Records for the exercise: Begin
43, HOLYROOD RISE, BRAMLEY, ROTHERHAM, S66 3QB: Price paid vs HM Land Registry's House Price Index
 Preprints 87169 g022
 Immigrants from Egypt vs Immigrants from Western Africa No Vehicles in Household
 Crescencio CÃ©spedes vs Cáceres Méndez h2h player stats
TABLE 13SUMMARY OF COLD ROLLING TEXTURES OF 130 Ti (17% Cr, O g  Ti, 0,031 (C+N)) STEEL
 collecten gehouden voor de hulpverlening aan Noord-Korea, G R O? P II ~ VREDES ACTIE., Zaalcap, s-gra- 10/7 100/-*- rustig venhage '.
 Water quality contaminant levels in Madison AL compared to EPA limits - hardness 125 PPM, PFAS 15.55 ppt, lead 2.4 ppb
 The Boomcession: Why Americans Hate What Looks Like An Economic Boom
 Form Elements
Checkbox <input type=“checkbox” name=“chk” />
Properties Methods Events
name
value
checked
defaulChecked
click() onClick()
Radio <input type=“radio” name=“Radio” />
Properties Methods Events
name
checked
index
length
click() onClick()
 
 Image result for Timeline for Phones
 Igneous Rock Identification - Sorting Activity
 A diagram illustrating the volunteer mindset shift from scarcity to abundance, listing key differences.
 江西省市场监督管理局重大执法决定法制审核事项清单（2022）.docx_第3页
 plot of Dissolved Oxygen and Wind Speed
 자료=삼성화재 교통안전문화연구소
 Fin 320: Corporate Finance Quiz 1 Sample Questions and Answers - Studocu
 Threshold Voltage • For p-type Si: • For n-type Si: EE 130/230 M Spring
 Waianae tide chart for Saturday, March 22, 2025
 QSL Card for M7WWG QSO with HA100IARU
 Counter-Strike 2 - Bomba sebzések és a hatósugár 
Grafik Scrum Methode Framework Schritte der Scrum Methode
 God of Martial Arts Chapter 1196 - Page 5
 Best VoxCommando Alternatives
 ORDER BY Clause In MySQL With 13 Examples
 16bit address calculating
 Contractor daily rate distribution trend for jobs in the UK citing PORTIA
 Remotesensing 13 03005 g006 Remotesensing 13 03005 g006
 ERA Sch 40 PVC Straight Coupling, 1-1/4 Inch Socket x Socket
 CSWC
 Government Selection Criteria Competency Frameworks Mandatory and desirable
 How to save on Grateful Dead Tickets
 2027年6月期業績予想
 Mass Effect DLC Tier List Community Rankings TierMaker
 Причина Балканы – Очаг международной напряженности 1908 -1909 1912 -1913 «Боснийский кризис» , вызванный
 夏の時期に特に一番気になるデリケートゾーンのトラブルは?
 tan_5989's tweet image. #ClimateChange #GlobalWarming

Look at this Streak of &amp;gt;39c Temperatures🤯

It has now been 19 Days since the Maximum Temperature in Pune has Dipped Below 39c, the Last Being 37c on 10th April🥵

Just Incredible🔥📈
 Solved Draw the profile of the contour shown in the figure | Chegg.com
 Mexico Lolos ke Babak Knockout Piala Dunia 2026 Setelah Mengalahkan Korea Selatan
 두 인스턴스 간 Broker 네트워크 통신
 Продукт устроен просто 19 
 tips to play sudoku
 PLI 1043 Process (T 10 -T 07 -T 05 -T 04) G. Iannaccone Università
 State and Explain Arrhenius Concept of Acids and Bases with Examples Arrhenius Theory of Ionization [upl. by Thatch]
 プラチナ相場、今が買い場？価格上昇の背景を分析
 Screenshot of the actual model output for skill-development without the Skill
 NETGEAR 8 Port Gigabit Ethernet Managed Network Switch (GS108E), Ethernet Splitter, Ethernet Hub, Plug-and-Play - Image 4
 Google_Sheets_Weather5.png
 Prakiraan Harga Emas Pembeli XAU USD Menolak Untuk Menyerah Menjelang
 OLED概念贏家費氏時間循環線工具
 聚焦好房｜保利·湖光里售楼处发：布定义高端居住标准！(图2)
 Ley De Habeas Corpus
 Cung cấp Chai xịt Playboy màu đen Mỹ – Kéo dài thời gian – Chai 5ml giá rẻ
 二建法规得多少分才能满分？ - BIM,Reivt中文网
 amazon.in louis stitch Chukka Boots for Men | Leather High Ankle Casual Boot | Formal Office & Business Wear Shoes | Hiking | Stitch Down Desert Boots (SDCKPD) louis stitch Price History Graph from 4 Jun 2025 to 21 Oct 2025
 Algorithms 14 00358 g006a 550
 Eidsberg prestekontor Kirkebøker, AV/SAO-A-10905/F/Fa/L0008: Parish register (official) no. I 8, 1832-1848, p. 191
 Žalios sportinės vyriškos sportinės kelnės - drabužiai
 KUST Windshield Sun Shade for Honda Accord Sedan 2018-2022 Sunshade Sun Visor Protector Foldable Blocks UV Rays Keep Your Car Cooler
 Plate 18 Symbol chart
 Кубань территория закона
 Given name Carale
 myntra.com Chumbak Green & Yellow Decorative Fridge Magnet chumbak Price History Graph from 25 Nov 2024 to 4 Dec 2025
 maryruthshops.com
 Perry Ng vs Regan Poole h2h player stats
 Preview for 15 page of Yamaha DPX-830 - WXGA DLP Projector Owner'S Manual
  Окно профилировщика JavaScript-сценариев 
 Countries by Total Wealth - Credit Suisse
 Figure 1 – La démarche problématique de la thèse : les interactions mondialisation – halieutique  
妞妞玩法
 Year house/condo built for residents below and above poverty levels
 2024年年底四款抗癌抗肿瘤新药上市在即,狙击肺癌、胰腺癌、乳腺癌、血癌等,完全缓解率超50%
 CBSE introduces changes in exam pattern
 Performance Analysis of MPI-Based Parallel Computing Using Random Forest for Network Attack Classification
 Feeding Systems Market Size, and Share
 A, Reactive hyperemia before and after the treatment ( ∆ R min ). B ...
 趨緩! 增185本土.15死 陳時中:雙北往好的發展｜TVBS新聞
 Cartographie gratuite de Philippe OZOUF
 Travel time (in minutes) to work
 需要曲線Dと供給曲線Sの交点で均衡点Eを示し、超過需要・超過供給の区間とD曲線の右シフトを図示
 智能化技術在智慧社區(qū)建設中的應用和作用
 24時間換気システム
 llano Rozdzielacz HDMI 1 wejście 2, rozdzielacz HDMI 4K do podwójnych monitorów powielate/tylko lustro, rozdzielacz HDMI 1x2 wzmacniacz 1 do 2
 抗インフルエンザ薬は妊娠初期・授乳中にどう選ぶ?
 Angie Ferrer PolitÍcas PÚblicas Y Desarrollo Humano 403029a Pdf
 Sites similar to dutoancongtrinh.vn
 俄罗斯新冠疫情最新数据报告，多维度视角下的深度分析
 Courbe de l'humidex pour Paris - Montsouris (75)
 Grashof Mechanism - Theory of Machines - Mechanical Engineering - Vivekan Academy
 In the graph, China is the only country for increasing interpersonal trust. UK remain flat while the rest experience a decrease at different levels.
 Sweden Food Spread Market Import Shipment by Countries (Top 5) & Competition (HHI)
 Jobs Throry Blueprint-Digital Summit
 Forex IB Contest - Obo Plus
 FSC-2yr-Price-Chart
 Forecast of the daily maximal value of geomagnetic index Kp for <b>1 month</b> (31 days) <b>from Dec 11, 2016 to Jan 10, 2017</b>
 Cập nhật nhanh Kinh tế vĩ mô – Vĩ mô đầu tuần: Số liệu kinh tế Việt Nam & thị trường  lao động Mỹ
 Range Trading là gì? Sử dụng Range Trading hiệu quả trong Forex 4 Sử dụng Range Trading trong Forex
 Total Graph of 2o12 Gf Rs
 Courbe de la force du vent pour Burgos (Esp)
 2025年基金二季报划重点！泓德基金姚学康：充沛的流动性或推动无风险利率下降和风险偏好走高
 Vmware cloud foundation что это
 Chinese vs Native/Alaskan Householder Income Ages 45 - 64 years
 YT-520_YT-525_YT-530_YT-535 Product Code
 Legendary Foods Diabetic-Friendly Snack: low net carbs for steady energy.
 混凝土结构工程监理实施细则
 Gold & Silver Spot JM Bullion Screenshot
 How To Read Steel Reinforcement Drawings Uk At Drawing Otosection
Records for the exercise: End
## Directions
From the data above, return every line from the line that has "Cartographie gratuite de Philippe OZOUF" up to and including the line that has "Grashof Mechanism - Theory", exactly.

## Solution to this problem
 Cartographie gratuite de Philippe OZOUF
 Travel time (in minutes) to work
 需要曲線Dと供給曲線Sの交点で均衡点Eを示し、超過需要・超過供給の区間とD曲線の右シフトを図示
 智能化技術在智慧社區(qū)建設中的應用和作用
 24時間換気システム
 llano Rozdzielacz HDMI 1 wejście 2, rozdzielacz HDMI 4K do podwójnych monitorów powielate/tylko lustro, rozdzielacz HDMI 1x2 wzmacniacz 1 do 2
 抗インフルエンザ薬は妊娠初期・授乳中にどう選ぶ?
 Angie Ferrer PolitÍcas PÚblicas Y Desarrollo Humano 403029a Pdf
 Sites similar to dutoancongtrinh.vn
 俄罗斯新冠疫情最新数据报告，多维度视角下的深度分析
 Courbe de l'humidex pour Paris - Montsouris (75)
 Grashof Mechanism - Theory of Machines - Mechanical Engineering - Vivekan Academy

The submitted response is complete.